私も工場長在職中、数回の静電気事故を経験しています。従来の細則順守といったソフト面のみで実施されていた自社静電気対策では不十分であるとの考えから、自社で初めてハード対策としてイオナイザーを導入しました。
しかし、導入初期に本来安全な職場を実現する目的で導入したイオナイザーを使おうとするものは少なく、事故の当事者ですら疑いのまなざしでした。この現場との意識のミスマッチの原因を自身のコミュニケーションの欠如であったと省察しています。
事故当時、どうしたら安全な職場を取り戻せるか、セミナーを受講したり、イオナイザーメーカーに出向き意見を交わしたり、無我夢中であったのを記憶しています。とにかく視野狭窄になっていました。そのような中で私が出した答えがイオナイザーの導入でしたが、導入までのプロセスを知らない従業員から理解を得られるわけはなく、意識並びに機器の定着を感じられるまでには1年の歳月を要しました。時間と忍耐を要した1年であり、初期の自身のコミュニケーション不足を後悔しました。

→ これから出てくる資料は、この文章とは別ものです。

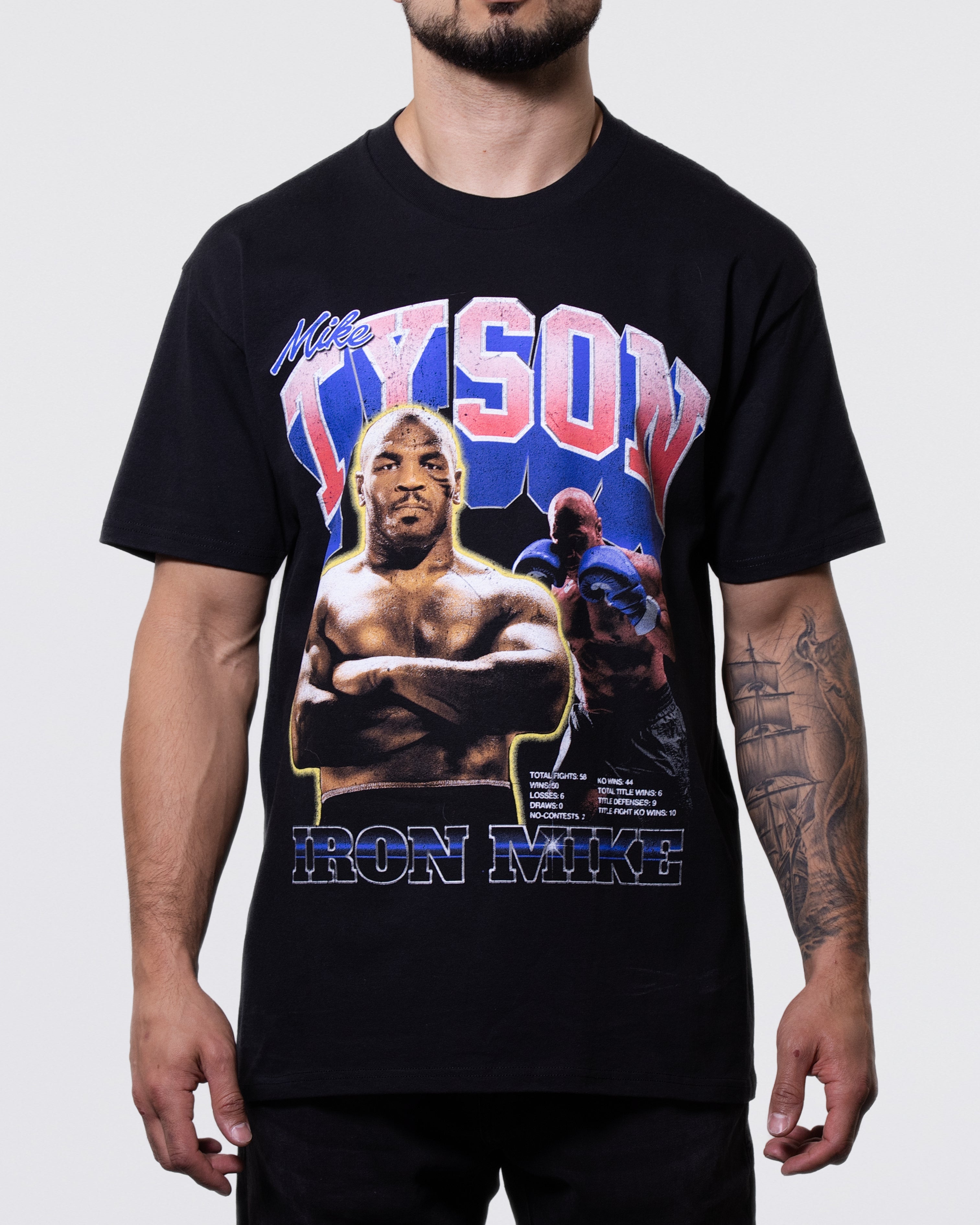 Black T-Shirt with an image of Mike looking forward. More images if Mike are in the background. "Tyson" is written across the top.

あらためてリスクコミュニケーションについて理解を深めてみますと、米国立研究審議会の定義によると、リスクコミュニケーションとは「利害関係者間のリスクに関する情報と意見交換による相互作用の過程」とあります。単にリスクについて誰かに教えたり、リスクが小さいことを納得させたり、専門家やトップ同士が話し合うことでは決してありません。技術者、研究者または工場のトップがステークホルダー(工場の従業員を含む利害関係者)と成果やリスクについて、双方向コミュニケーションすることがリスクコミュニケーションといえるでしょう。
従業員との対話を通して構築した静電気防止対策の中で私が感じたことは、従業員の中には必ず意識格差があるということです。従業員の立場になって考えれば、これまで彼らが経験し考えたことが全てです。目に見えない、臭いがない、知識がないものは問題ないと錯覚するケースもあれば、正しく理解がなされていないがゆえにデマが流れ、必要以上にパニックに陥るケースや、亜流の対策でできていると錯覚しているケースもあります。
国内化学工場が静電気事故を繰り返す理由はリスクコミュニケーションが欠如している為ではないのか。もう一度下記のように、化学工場の管理方法に...
- リスクコミュニケーションはできているか?
- 工場長はじめトップは従業員に正しい教育を行っているか?
- 課長・主任などミドルクラスは積極的に事故防止を目的としたリスク抽出を行っているか?
- 現場担当者は知らないことを良しとしていないか?
- 生産活動という御旗を盾に安全対策を軽視していないか?
「行ってきます」と家を出た全ての人が、「ただいま」と家に帰る。そんな当たり前の社会を実現するために私はこれからも全力を尽くします。